Abstract

Health Affairs’ June issue, released today, examines the challenges and benefits for states deciding whether to embrace the law’s Medicaid expansion or opt out. Several studies in the issue also look at population disparities in health care, especially during the recent recession. Selected content in the issue is supported by grants from the New York State Health Foundation and Blue Shield of California Foundation. Medicaid Opt-out: What Cost to States? Last summer’s US Supreme Court ruling about the Affordable Care Act allows states to decline the law’s Medicaid expansion provision, something fourteen governors have chosen to do.
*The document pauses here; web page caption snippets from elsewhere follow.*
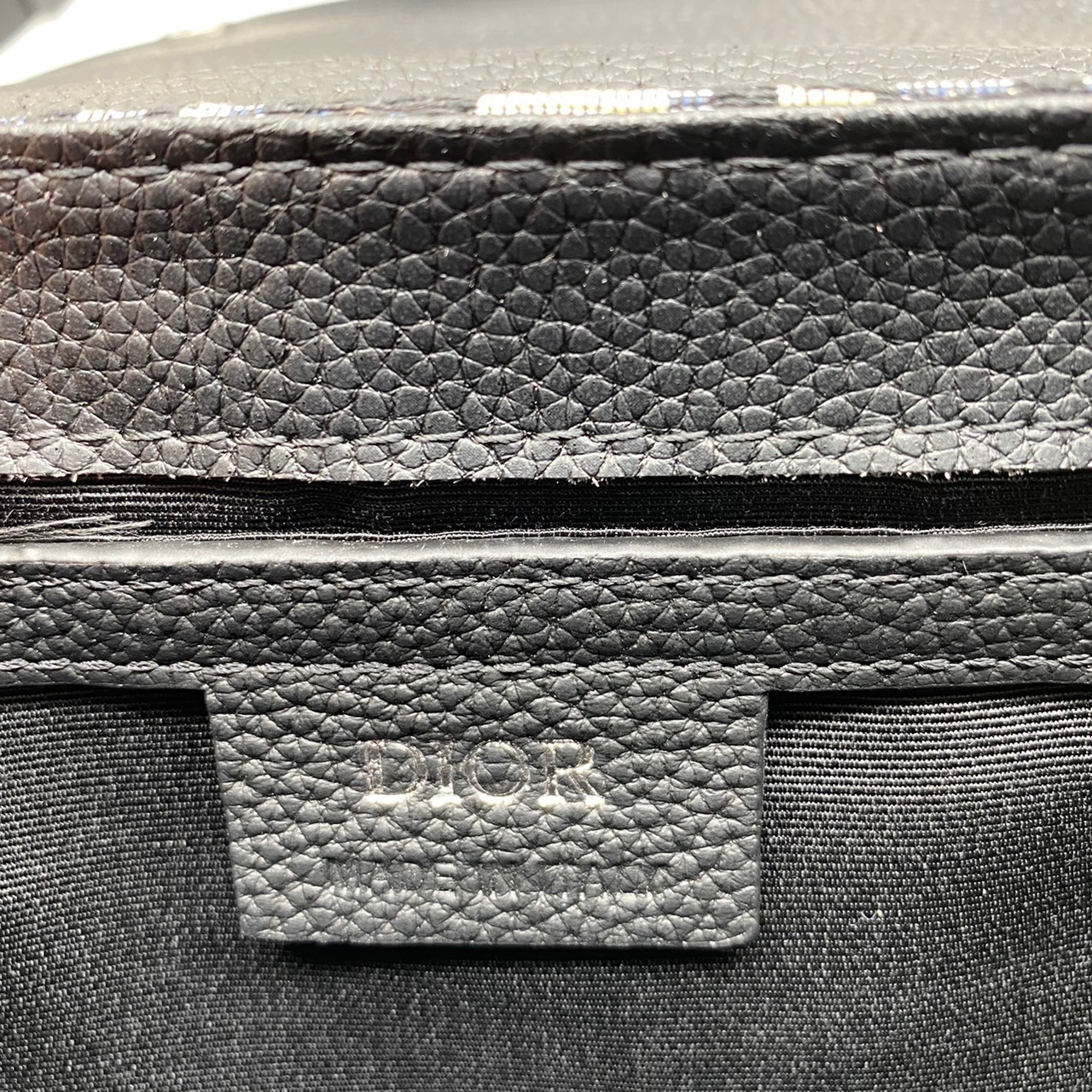 DIOR SADDLE Pouch Beige And Black Canvas and Leather Messenger Bag DIOR Chest Bag พร้อมส่งที่ไทย ยังคงรักษาสไตล์ไว้ได้ เฉพาะสำหรับคุณที่จะติดตามเทรนด์อานม้ารุ่นที่สวยงามนี้ในผ้าใบเฉียงและหนัง สายสะพายไหล่แบบเส้นเดียวและด้านในบุด้วยผ้า กระเป๋าสะพายข้างหรือ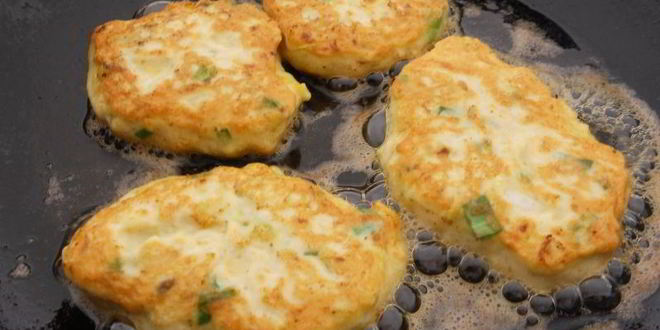 Рецепт куриных оладий с кабачком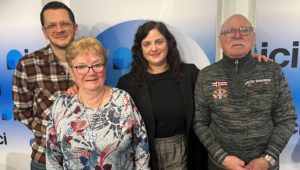 Aidez-vous des personnes âgées à ne pas se sentir seules ? Les Sarthois témoignent - ICI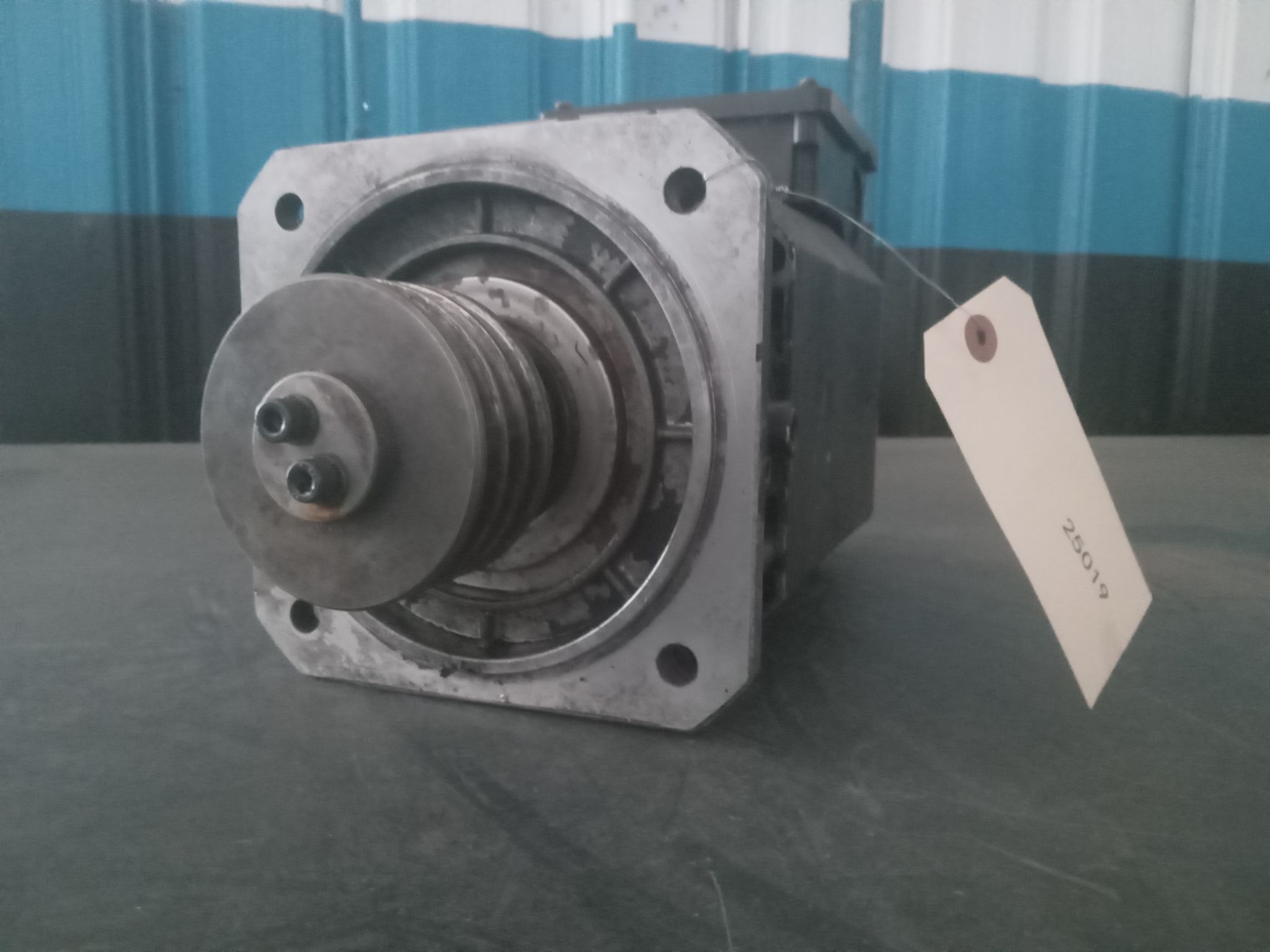 FANUC AC SPINDLE MOTOR αC2 A06B-0842-B100 B-65152E 2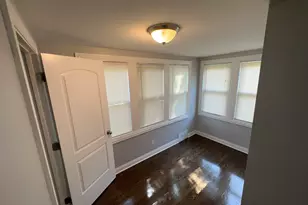 8209 S Prairie Ave, Chicago, IL 60619 - Photo 14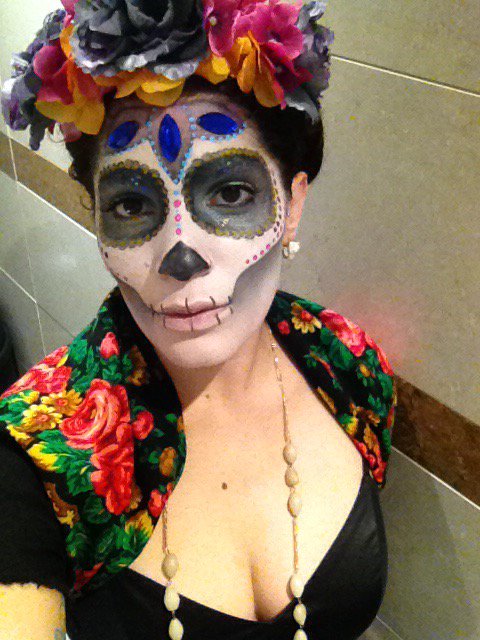 lightbrite7's tweet photo. You should probably come down and see us. #OTR #DayoftheDead #salsanight #comeseewhatwedo @OnTheRocksEdm https://t.co/NdkFH7ygfj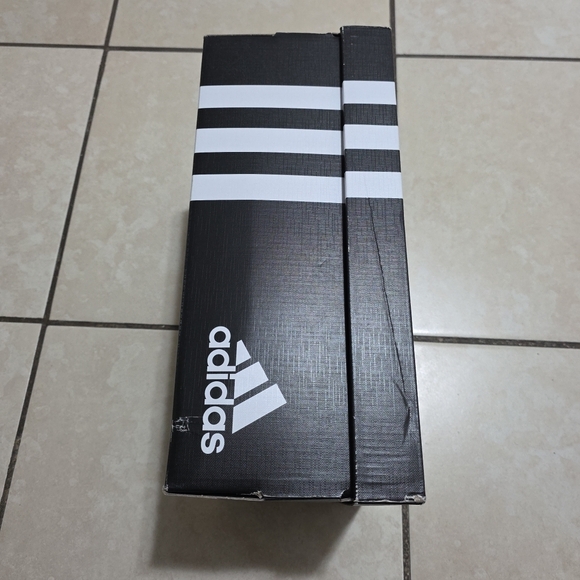 Empty Shoe Box - Picture 6 of 9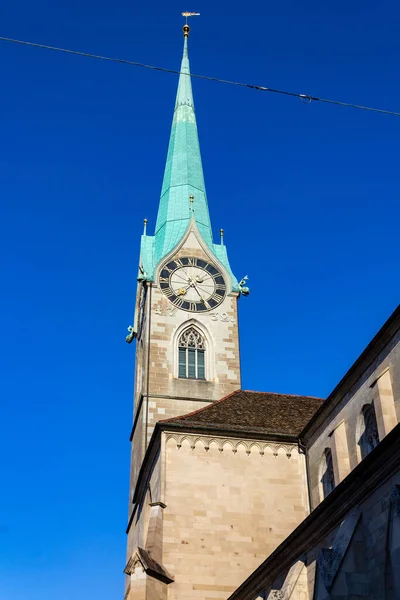 Fecho Vertical Torre Relógio Igreja Fraumunster Zurique Suíça — Fotografia de Stock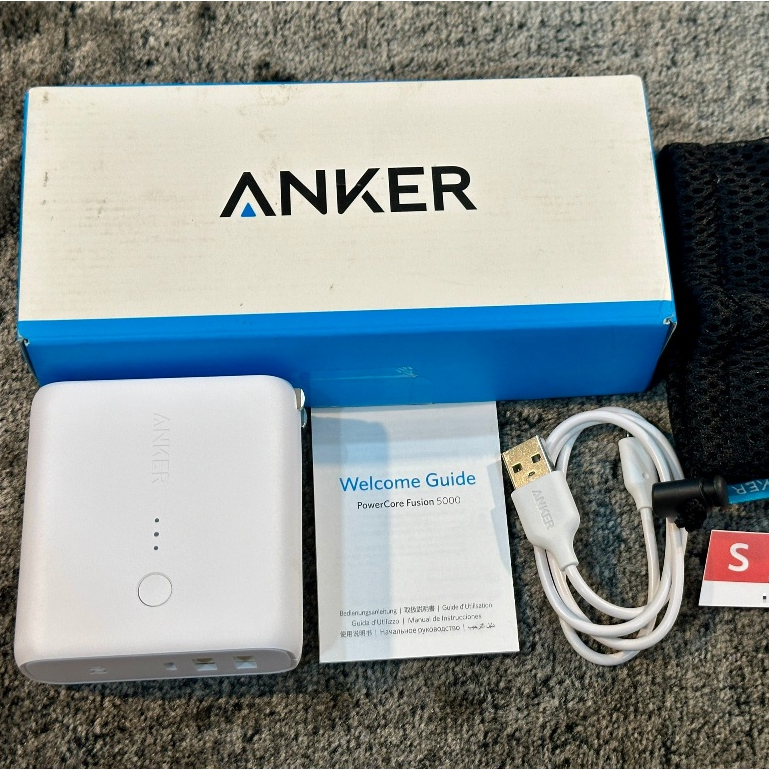 Pin dự phòng kiêm ổ cắm Anker PowerCore Fusion 5000mAh model A1621 | A1624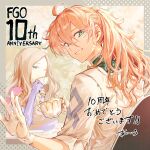  1boy 1girl ahoge aiiro anniversary blue_eyes blue_gloves brown_hair chaldea_logo coat commentary cup elbow_gloves fate/grand_order fate_(series) from_behind gloves green_coat green_eyes hair_between_eyes hand_up high_ponytail highres holding holding_cup lab_coat leonardo_da_vinci_(fate) long_hair looking_at_viewer looking_back multicolored_coat one_eye_closed orange_hair outside_border parted_hair ponytail romani_archaman sleeves_rolled_up smile teacup translated two-tone_coat upper_body waving white_coat white_gloves 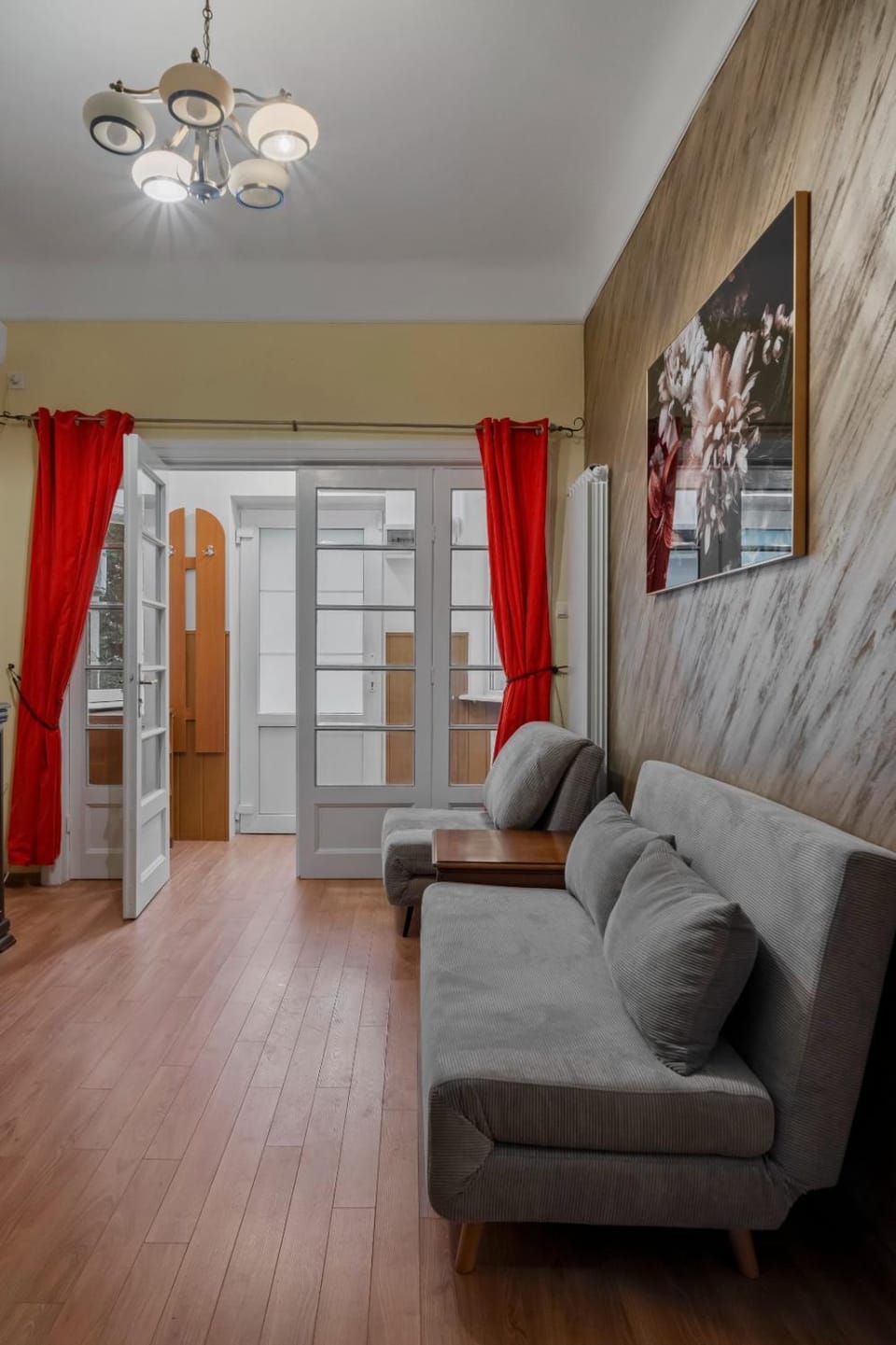 Interbelic Villa near Old Town Villa in Bucharest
Carter Price and Christine Eibner, both of the RAND Corporation, analyzed how this would affect coverage and spending. They estimate that in these states 3.6 million fewer people would be insured, and federal transfer payments to those states could fall by $8.4 billion. According to the authors, those states will be spending some $1 billion in the short term on uncompensated care. They conclude that in terms of coverage, costs, and federal payments, states and their citizens would fare better by expanding Medicaid coverage. In a related article, Thomas DeLeire of the University of Wisconsin and coauthors looked at Wisconsin’s four-year-old public insurance program—the BadgerCare Plus Core Plan—for childless adults with incomes of up to 200 percent of the federal poverty level. The authors compared administrative claims data from the first year of the program with the previous year. They found that program participants who were automatically enrolled in the program (and who tended to have very low incomes) showed a 29 percent increase in outpatient visits; a 46 percent increase in emergency department use; and a 59 percent decrease in hospitalizations, including a 46 percent decline for preventable hospitalizations. These results demonstrate that expanding public insurance coverage will increase access to outpatient care and reduce hospitalizations, but the authors caution that unless consumers have sufficient access to primary care, coverage expansions may also increase emergency department visits, shrinking any corresponding cost savings.